Opinions of respected ‘experts’ in non-paid-for channels are increasingly influential in shaping brand perceptions and purchase decisions.
Measurement is knowledge, knowledge is power. It allows you to assess your current and past performances (and those of your rivals) and plan your future strategy accordingly. This is crucial for planning budgets and setting KPIs.
Your input is key to successful measurement. It is not a one-size-fits-all package. Answering your questions in a meaningful way, in line with your expectations and sector knowledge is key to a successful measurement program.
Absence of measurement renders any assessment of performance anecdotal at best and subject to misguided interpretation by others in your organisation. Different people are exposed to different media and diverse messages.

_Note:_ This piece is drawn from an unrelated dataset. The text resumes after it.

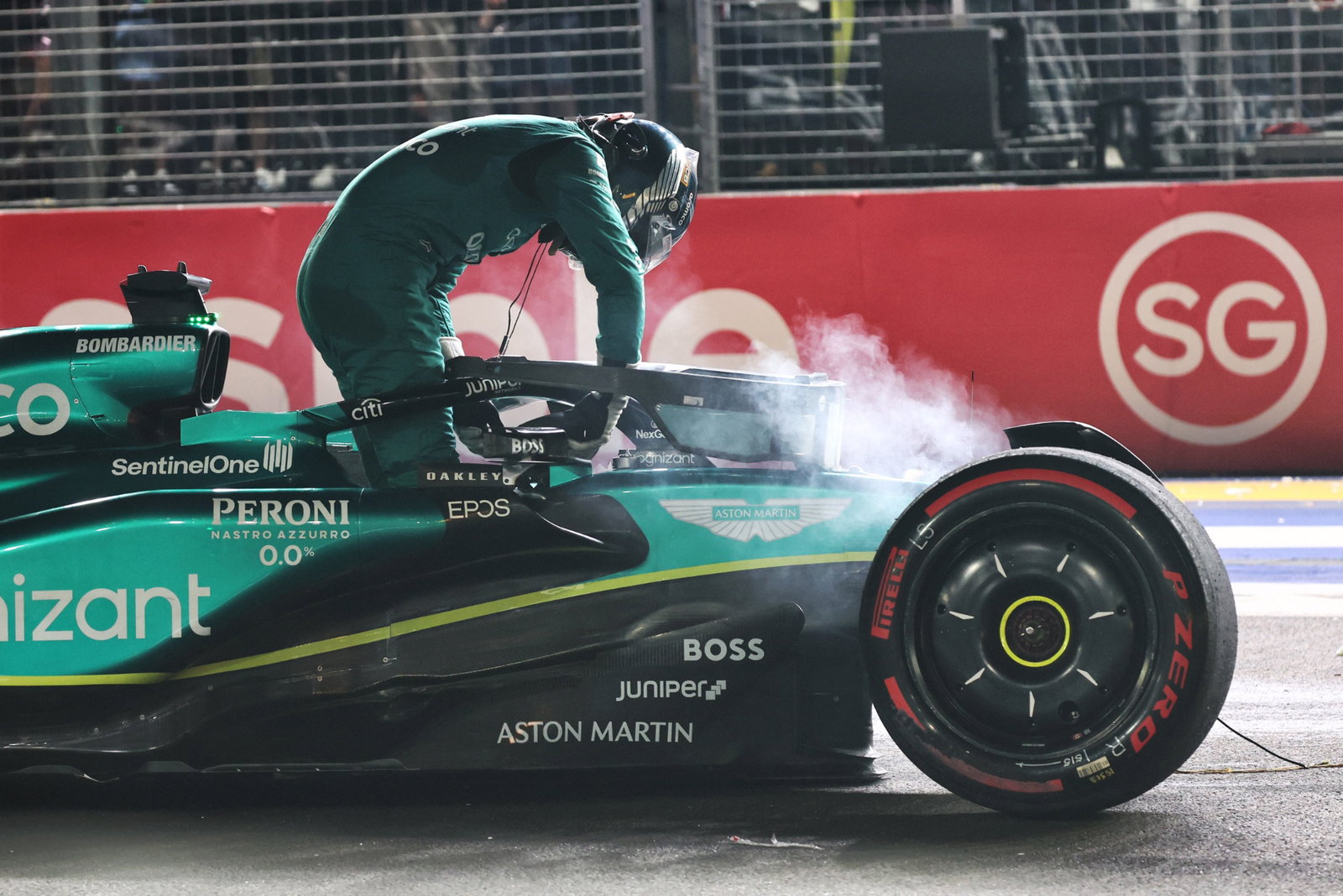 Lance Stroll (CDN) Aston Martin F1 Team AMR23 crashed in qualifying. Formula 1 World Championship, Rd 16, Singapore Grand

Who hasn’t had a superior come to them in a panic after an unfavourable news story has broken? Armed with accurate data you can provide context to any situation, whether positive or negative.
Some sceptics argue that it is too difficult to measure PR effectively, so they avoid doing it at all. This is only true if you are unsure of the questions you are looking to answer. Accurate and intuitive measurement can even help you answer questions you didn’t know you had.
Others rely on their ‘gut feel’ or years of experience. This cannot replace hard data, not just for your brand, but for your key rivals. Also it cannot help you defend or increase PR budget. PR evaluation can.
It is crucial that you understand and embrace the measurement process as a tool not as a stick. This helps you and us better understand your goals and align them with the wider aims of the business. Provided this is understood and accepted, and the metric provides you with logical and intuitive output that aligns with your instinct and requirements, measurement is always a benefit.
Once all these elements are aligned, you can implement an evaluation program that truly addresses your requirements.